Aufgrund des konstant hohen Neubauniveaus steigt der Wohnungsbestand kontinuierlich an und hat mittlerweile 4.14 Mio. Einheiten erreicht (2011). Das sind mehr als 490 Einheiten pro 1.000 Einwohner, im Vergleich zu ca. 450 Einheiten im EU-Durchschnitt.

 

Rund 58% der Haushalte leben im Eigentum, davon 12% in Eigentumswohnungen und 46% in Einfami-lienhäusern. Der Anteil der Einfamilienhäuser am gesamten Wohnungsbestand reicht von 80% in einigen ländlich geprägten Bundesländern (Burgenland) bis nur 4% in Wien. Rund 40% der Haushalte leben in Miete. Der Mietwohnungsmarkt besteht aus drei Teilsektoren. Private Mietwohnungen machten mit etwa 600.000 Einheiten (17% des Bestandes) bis vor einigen Jahren den größten Teil aus. Mittlerweile ist allerdings der Sektor sozial gebundener Mietwohnungen größer, bestehend aus ca. 300.000 Kommunalwohnungen (10%), v.a. in Wien mit seinen ca. 210.000 Gemeindewohnungen. Gemeinnützige Bauvereinigungen verwalten mittlerweile einen Bestand von 580.000 Mietwohnungen (sowie ca. 240.000 Eigentumswohnungen). Insgesamt sind etwa 23% des österreichischen Wohnungsbestands sozial gebundene Mietwohnungen. Der Anteil liegt etwa 10 Prozentpunkte über dem EU-Durchschnitt.

 

 

Abbildung: Wohnungsbestand nach Rechtsform (Hauptwohnsitze)

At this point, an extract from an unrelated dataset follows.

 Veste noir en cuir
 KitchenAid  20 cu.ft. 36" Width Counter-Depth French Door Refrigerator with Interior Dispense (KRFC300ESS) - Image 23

Housing Tenure (principal residence) from Statistik Austria

Quelle: Statistik Austria, IIBW

 

 

Im Gegensatz zum allgemeinen europäischen Trend in Richtung Wohnungseigentum ist in Österreich der Anteil an Mietwohnungen stabil. Mit rund einem Drittel macht der soziale Geschoßwohnbau immer noch einen großen Teil des Wohnungsneubaus aus, wobei die Mehrzahl dieser Wohnungen mit einer Kaufoption versehen ist (Ball, 2005. Bauer, 2005). Erst seit wenigen Jahren verfestigt sich ein Trend zum Wohnungseigentum im gehobenen Marktsegment.

 

Die Wohnversorgung der österreichischen Haushalte ist im internationalen Vergleich sehr gut. Die durchschnittliche Wohnfläche pro Person liegt mit 43m² deutlich über dem EU-Durchschnitt von 38m². Der mit Abstand überwiegende Teil aller Wohnungen ist bestausgestattet (Zentralheizung, Bad etc.). Ein besonderer Stellenwert hat die soziale Qualität der Wohnversorgung mit einem vergleichsweise sehr hohen Maß an Gleichheit hinsichtlich Wohnflächenkonsum, Wohnungsqualität und Wohnkosten

 

 

Wohnungsneubau

Österreich hat ein konstant hohes Niveau an Wohnungsneubauten. 2010 wurden 46.100 Baubewilli-gungen erteilt, 2011 sogar über 48.000 (inkl. neue Wohnungen in bestehenden Gebäuden). Das sind rund 5,5 Bewilligungen pro 1.000 Einwohner, was deutlich über dem europäischen Durchschnitt von ca. 3,3 liegt (Euroconstruct, WIFO, IIBW). Im Gegensatz zu vielen europäischen Ländern führte die Finanz- und Wirtschaftskrise von 2008 zu keinem Rückgang der Wohnbauproduktion.

 

Abbildung: Wohnungsneubau / Baubewilligungen

Housing Permits

 

Anm.: Euroconstruct-Länder = 17 EU Länder + CH + Nor.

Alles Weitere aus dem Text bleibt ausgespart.